The introduction of new postgraduate programs and research collaborations with Singapore is expected to make the newly-named University of Adelaide Ngee Ann - Singapore Campus a regional centre of excellence.
The Vice-Chancellor and President of the University of Adelaide, Professor James McWha, told a gathering of about 200 alumni in Singapore on Friday night that the quality brands of both the University and Ngee Ann would help facilitate this development.
"The University values its close bonds with Singapore and we are proud to have produced so many distinguished alumni from this region who are leaders in their fields," he said.
Student numbers are projected to jump from 456 to 900 by the end of 2009, with further growth planned over the next decade. This increase will include the recruitment of students from other countries in the region, as well as from Singapore.
Postgraduate programs offered by the University in Singapore will also be expanded over the next three years, with a Master of Accounting degree and Graduate Diploma of Wealth Management among the new courses. Entrepreneurship and International Trade are also likely to be offered.
Australia is the leading destination for Singaporean Higher Education students, with 55% of the market, followed by the United States and United Kingdom with 19% and 18% respectively.

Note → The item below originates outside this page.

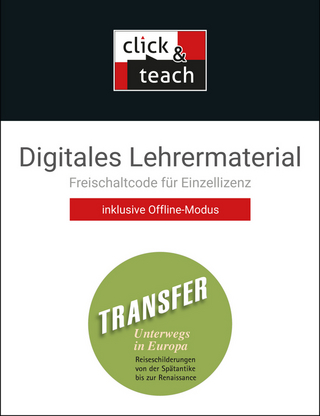 Transfer. Die Lateinlektüre / Unterwegs in Europa click & teach Box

Singapore is now the University of Adelaide's third largest source of overseas students. The majority of them study in Singapore and these numbers are expected to increase substantially in the next decade.
The Pro Vice-Chancellor (International) of the University of Adelaide, Professor John Taplin, said academic staff and postgraduate students would spend extended periods of time at the Ngee Ann - Singapore Campus in future.

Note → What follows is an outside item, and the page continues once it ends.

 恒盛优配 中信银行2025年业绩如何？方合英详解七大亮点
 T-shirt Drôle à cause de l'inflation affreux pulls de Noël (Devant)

"Opportunities for research collaboration in strategically important areas for both Australia and Singapore will also be explored, and public lectures will be presented by University of Adelaide professors on a regular basis," Professor Taplin said.
The announcement coincides with the University of Adelaide and Ngee Ann Kongsi's 10th anniversary celebratory dinner last Friday as joint education partners in Singapore.

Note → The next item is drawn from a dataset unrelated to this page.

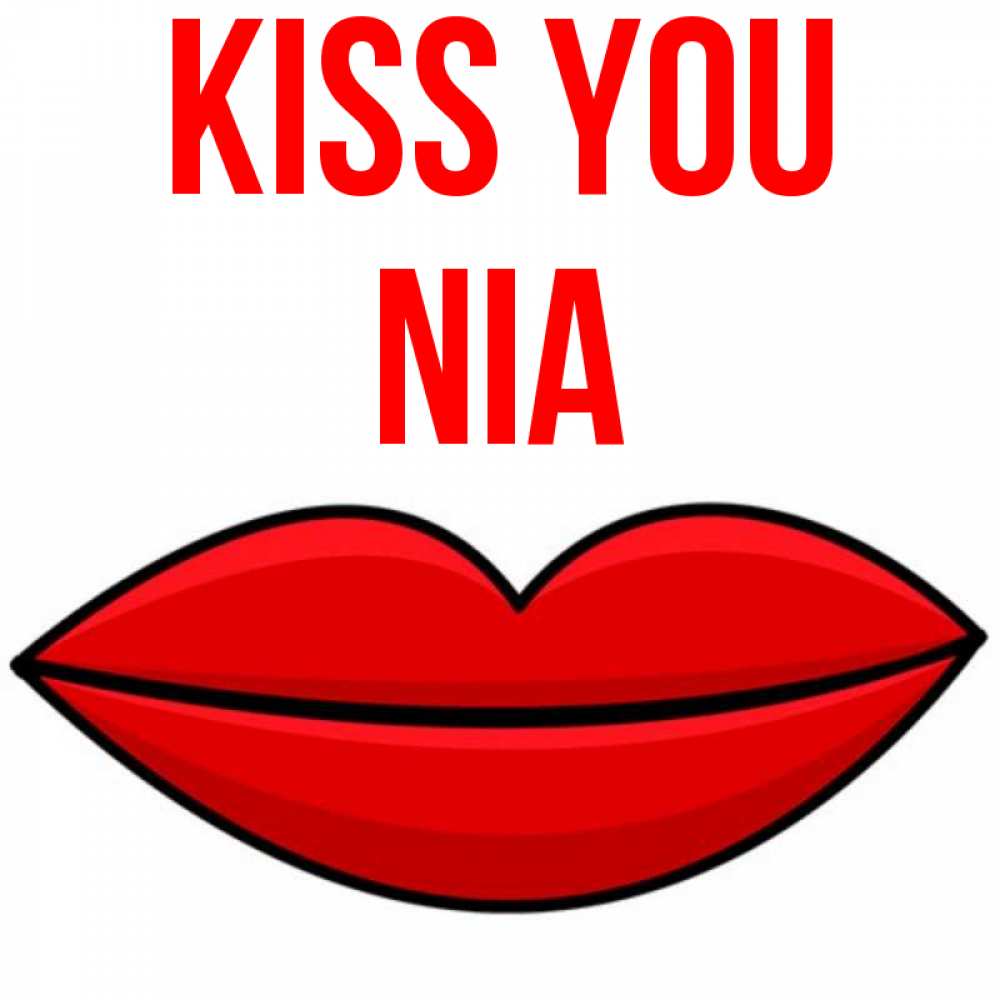Greetings card с именем, Nia Kiss you губы векторные Greetings with text for free download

At the dinner Dr Tony Tan, Chairman of Singapore's National Research Foundation, launched the Singapore Adelaide Alumni Fund, which will provide financial assistance to undergraduate students who are Singapore citizens or permanent residents, and are studying full time at the University of Adelaide. The Ngee Ann Kongsi has generously agreed to match every dollar contributed up to SGD$250,000.
Dr Tan, a former Deputy Prime Minister of Singapore, is one of many high achieving graduates of the University of Adelaide. Other Singapore alumni include the late President of Singapore, Mr Ong Teng Cheong, High Court Judge Justice Lee Sieu Kin, Minister for Transport Mr Raymond Lim and Senior Minister of State for Trade and Industry, Mr S. Iswaran.
Established in 1874, the University of Adelaide is Australia's third oldest university and carries a five-star rating for prestige.
Currently ranked 62 in the world by the Times Higher Education, the University is associated with five Nobel Prize winners, 101 Rhodes Scholars and 103 Fulbright Scholars.